Amnesty International points out that violence against women is “rooted in a global culture of discrimination which denies women equal rights with men and which legitimises the appropriation of women’s bodies for individual gratification or political ends. Every year, violence in the home and the community devastates the lives of millions of women.”

Meanwhile, the storied Voting Rights Act (VRA), signed by Pres. Lyndon B. Johnson in the aftermath of the “Bloody Sunday” beatings of civil rights activists in Selma, Alabama – and the murder of two participants – also contains major provisions that are due to expire in 2007.

The 1965 law recognised that many states, counties and cities would continue to erect barriers to minority political participation. Four presidents – Richard Nixon, Gerald Ford, Ronald Reagan and George H.W. Bush (the current president’s father) – supported expansion of key parts of the law.

The act also opened the political process for many of the nearly 5,000 Latinos who now hold public office, including more than 250 who serve at the state or federal level.

Each time the law has been renewed by Congress, a Republican president has ratified the bill. On signing the 1982 extension, Pres. Reagan called the right to vote the “crown-jewel” of U.S. liberties.

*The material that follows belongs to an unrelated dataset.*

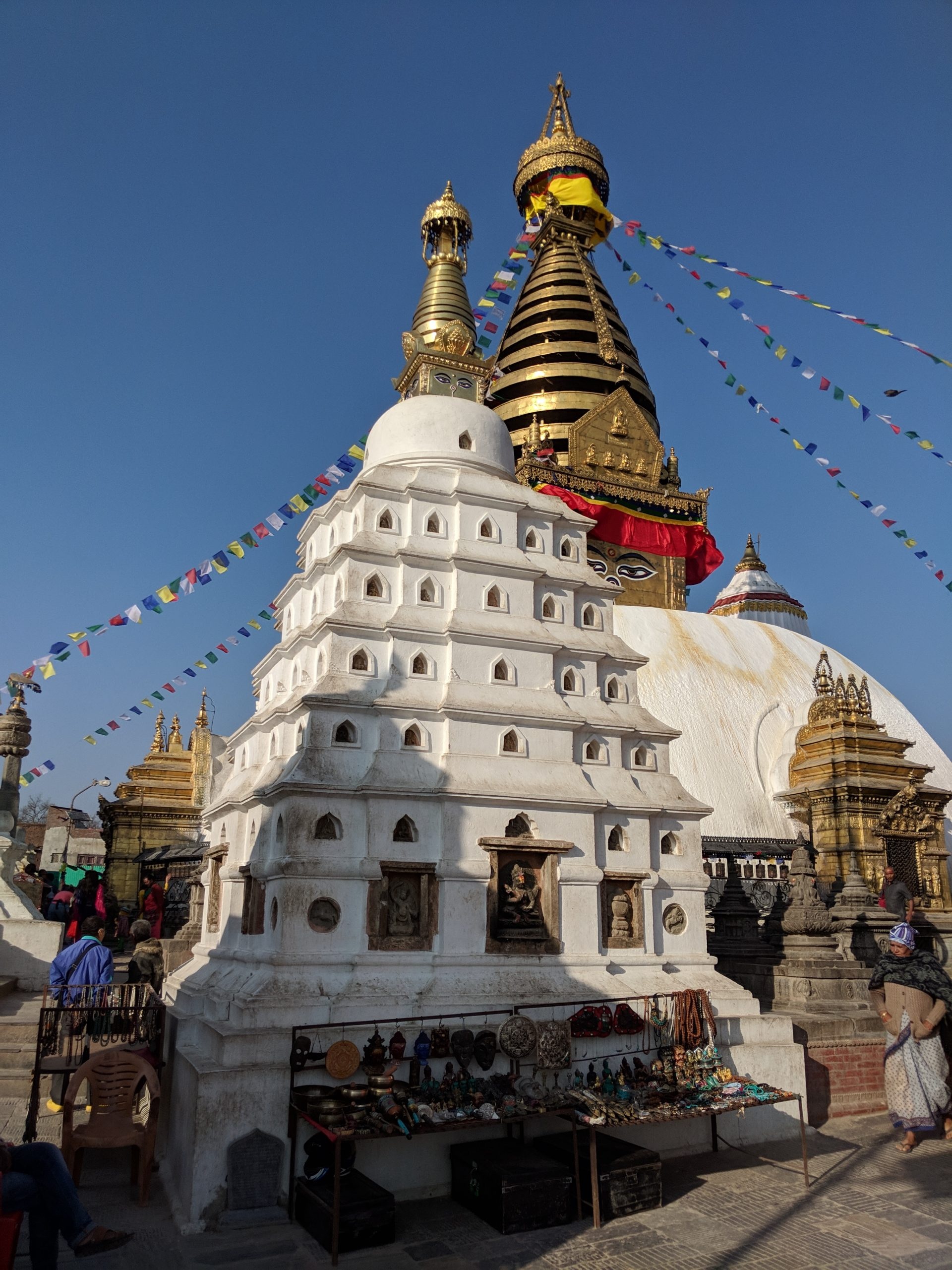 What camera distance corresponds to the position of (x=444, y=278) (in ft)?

Last weekend, an estimated 10,000 civil rights activists marched through Atlanta, Georgia, to celebrate the 40-year-old victory and urge reauthorisation of the expiring provisions of the law. Reauthorisation has been endorsed by Attorney-General Alberto Gonzales, speaking for the George W. Bush administration.

The sections of the VRA Act set to expire include:

A requirement that states with a documented history of discriminatory voting practices submit planned changes in their election laws or procedures to federal officials or judges for preclearance. A bipartisan Congressional report in 1982 warned that without this section, discrimination would reappear “overnight.”

Provisions that guarantee access to bilingual election materials for some Native Americans who have limited English proficiency and new citizens trying to learn the language.

And the authority to send federal examiners and observers to monitor elections.

Supporters such as the ACLU say the need for reauthorisation is underscored by numerous recent violations.

In 2001, in Kilmichael, Mississippi, an all-white town council voted to cancel a council election just three weeks before it was to take place because African American candidates could actually be voted on to the council.

Under the VRA, Kilmichael was required to submit a new plan to the federal Justice Department – which denied its request and ordered that the election go forward. Section 5 is one of several provisions up for renewal in 2007.

In South Dakota, a recent court decision detailed two decades of systematic voting rights abuses against Native Americans.

In the southern United States, every redistricting plan submitted by Louisiana legislators for federal pre-clearance has been rejected by both Democratic and Republican attorneys-general.

In cities such as Los Angeles, Chicago and New York City, voters with limited English proficiency continue to face resistance, unfair practices and poll workers who don’t follow the law.